I want to make clear, that this article is for learning purposes. And I also learning about the subject. Do not expect a production-ready reverse proxy from this article.

Requirements

Rust installed
WSL installed for Windows users

What is a Reverse Proxy?

According to the article “How To Set Up a Reverse Proxy (Step-By-Steps for Nginx and Apache)” written by Salman Ravoof, a reverse proxy is a server that sits in front of a web server and receives all the requests before they reach the origin server. It works similarly to a forward proxy, except in this case it’s the web server using the proxy rather than the user or client. Reverse proxies are typically used to enhance the performance, security, and reliability of the web server.

Pingora

Pingora is a Rust framework to build fast, reliable and programmable networked systems.

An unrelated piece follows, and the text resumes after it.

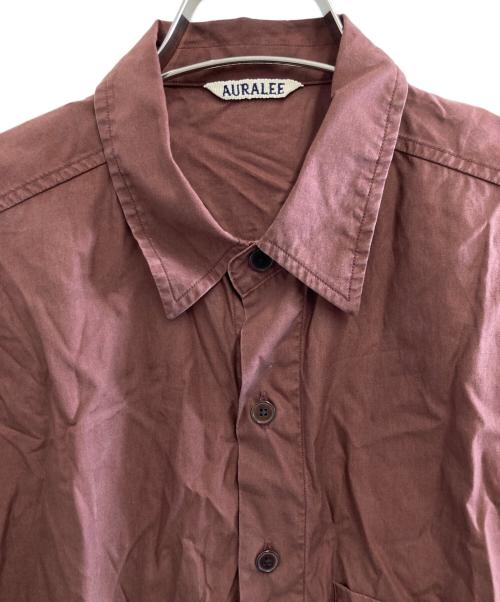 AURALEE（オーラリー）AURALEE (オーラリー) WASHED FINX TWILL BIG SHIRTS ブラウン サイズ:4の古着・服飾アイテム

Pingora is battle tested as it has been serving more than 40 million Internet requests per second for more than a few years.

Create the Project

We start creating a new project in Rust as usual, with cargo:

cargo new loadbalancer

Then, in the cargo.toml file, we add the following dependencies:

async-trait="0.1"
pingora = { version = "0.3", features = [ "lb" ] }
pingora-core = "0.3"
pingora-load-balancing = "0.3"
pingora-proxy = "0.3"

Now, let’s create a Pingora server by adding the following code to the main.rs file:

main.rs

use async_trait::async_trait;
use pingora::prelude::*;
use std::sync::Arc;

fn main() {
    let mut my_server = Server::new(None).unwrap();
    my_server.bootstrap();
    my_server.run_forever();
}

According to this guide on Pingora’s documentation, a pingora Server is a process that can host one or many services. The pingora Server takes care of configuration and CLI argument parsing, daemonization, signal handling, and graceful restart or shutdown.

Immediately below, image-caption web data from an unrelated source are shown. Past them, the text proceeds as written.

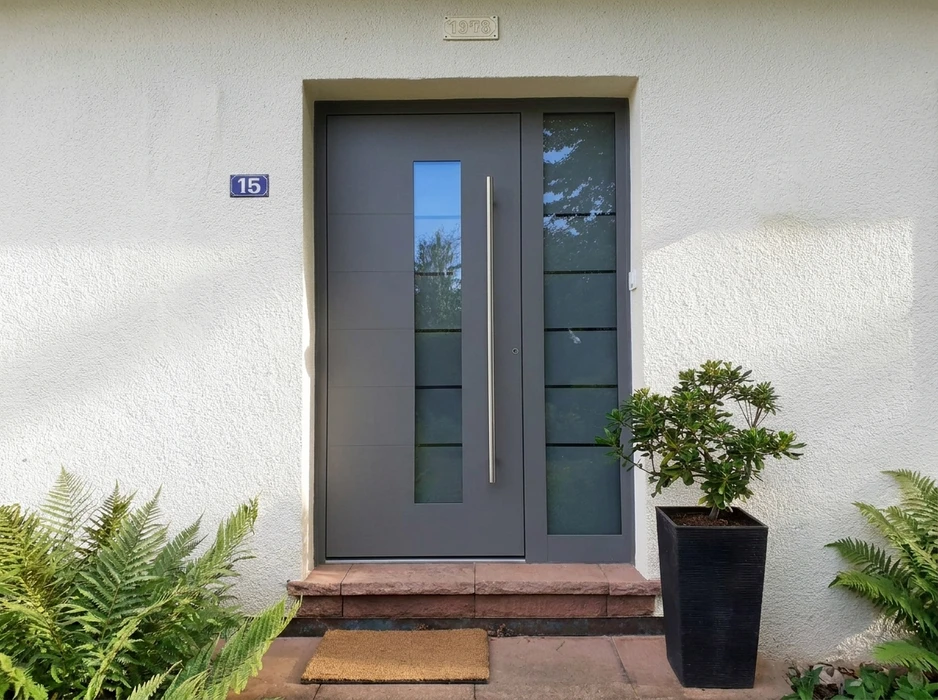 Entrée extérieure d'une maison moderne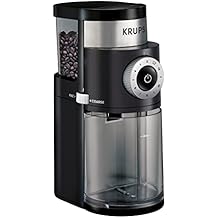 مطحنة قهوة KRUPS Precision Burr 12 إعدادًا، سعة 8 أونصة للتنقيط، مكبس فرنسي، إسبريسو، صب، تحضير بارد - فولاذ مقاوم للصدأ، 110 وات، إيقاف تلقائي، سهل التنظيف - مطاحن قهوة للاستخدام المنزلي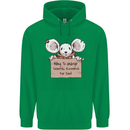 Hungry Mouse Childrens Kids Hoodie Irish Green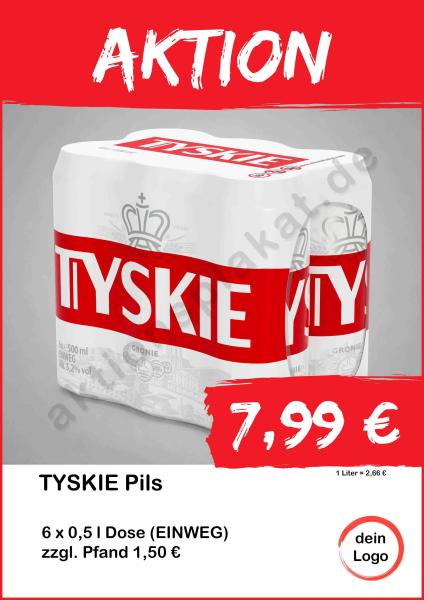 Tyskie Pils 6x500ml Dose ▼Sofort-Download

In the code snippet above, we initialize the Server in the main() function and use run_forever() function to spawn all the runtime threads and block the main thread until the server needs to quit. According to the documentation, run_forever() may fork the process for daemonization, so any additional threads created before this function will be lost to any service logic once this function is called.

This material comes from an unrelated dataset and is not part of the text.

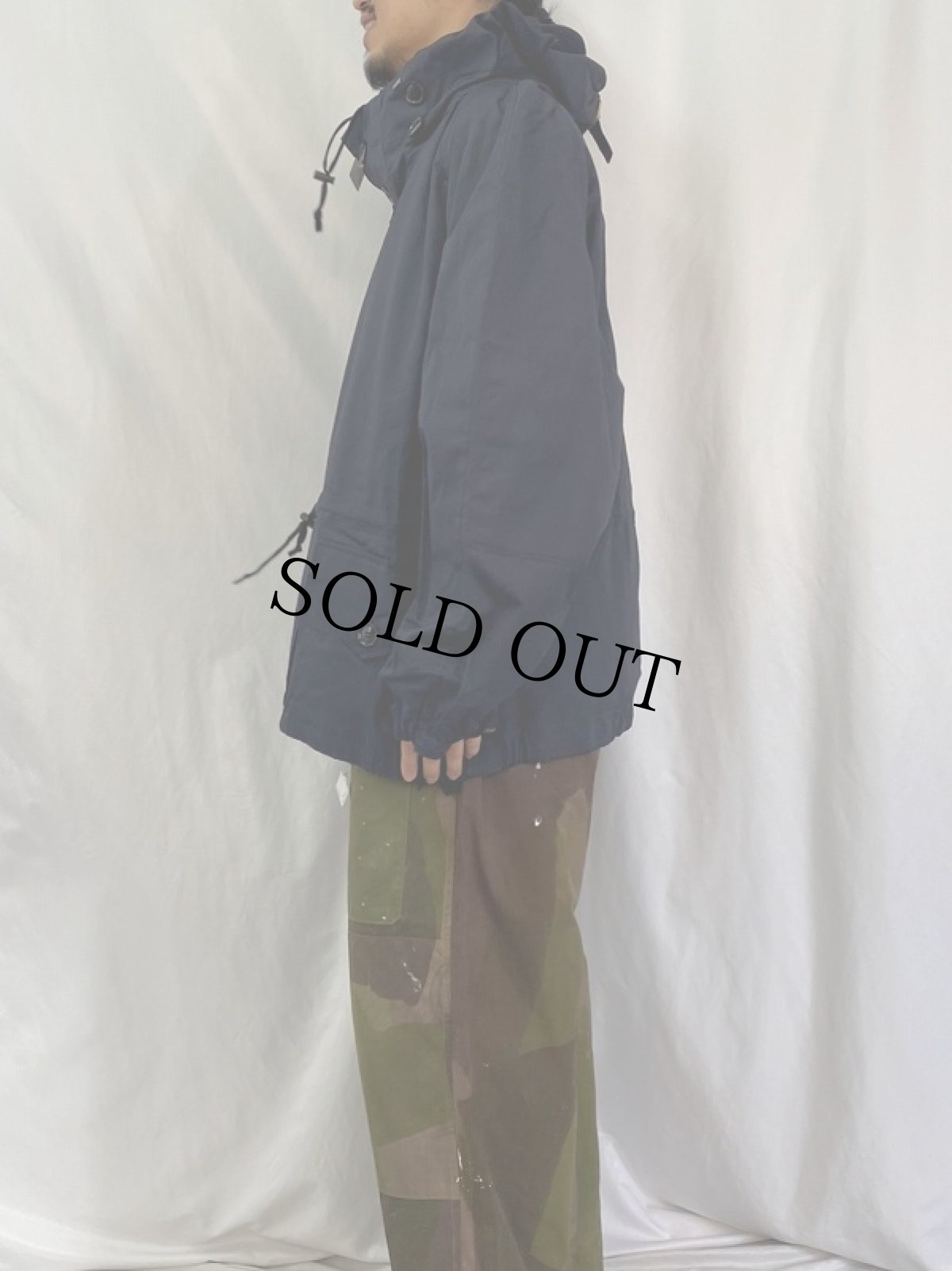 画像3: 90's ROYAL NAVY ベンタイルコットン ウィンドプルーフ スモック M DEADSTOCK NAVY (3)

Creating the load balancer proxy

use async_trait::async_trait;
use pingora::prelude::*;
use std::sync::Arc;

use pingora_load_balancing::{selection::RoundRobin, LoadBalancer};

pub struct LB(Arc<LoadBalancer<RoundRobin>>);

fn main() {
    let mut my_server = Server::new(None).unwrap();
    my_server.bootstrap();
    my_server.run_forever();
}

In the code above, we import the pingora_load_balancing crate which provides the LoadBalancer struct and the selection algorithms. We use the round-robin algorithm for our load balancer.

Then, we create the struct LB that encapsulates the LoadBalancer using the round-robin strategy in an Arc type.

To make our server proxy, we have to implement the ProxyHttp trait.


...
use pingora_core::upstreams::peer::HttpPeer;
use pingora_core::Result;
use pingora_proxy::{ProxyHttp, Session};

pub struct LB(Arc<LoadBalancer<RoundRobin>>);

#[async_trait]
impl ProxyHttp for LB {
    type CTX = ();
    fn new_ctx(&self) -> () {
        ()
    }

    async fn uptream_peer(&self, _session: &mut Session, _ctx: &mut ()) -> Result<Box<HttpPeer>> {
       let upstream = self.0
            .select(b"", 256)
            .unwrap();

        println!("upstream peer is: {upstream:?}");

        let peer = Box::new(HttpPeer::new(upstream, true, "one.one.one.one".to_string()));
        Ok(peer)

    }

Any object that implements the ProxyHttp trait defines how a request is handled in the proxy. The only required method in the ProxyHttp trait is upstream_peer() which returns the address to which the request should be proxied.

In the body of the upstream_peer(), we use the select() method for the LoadBalancer to round-robin across the upstream IPs. In this example we use HTTPS to connect to the backends, so we also need to specify to use_tls and set the SNI when constructing our Peer) object.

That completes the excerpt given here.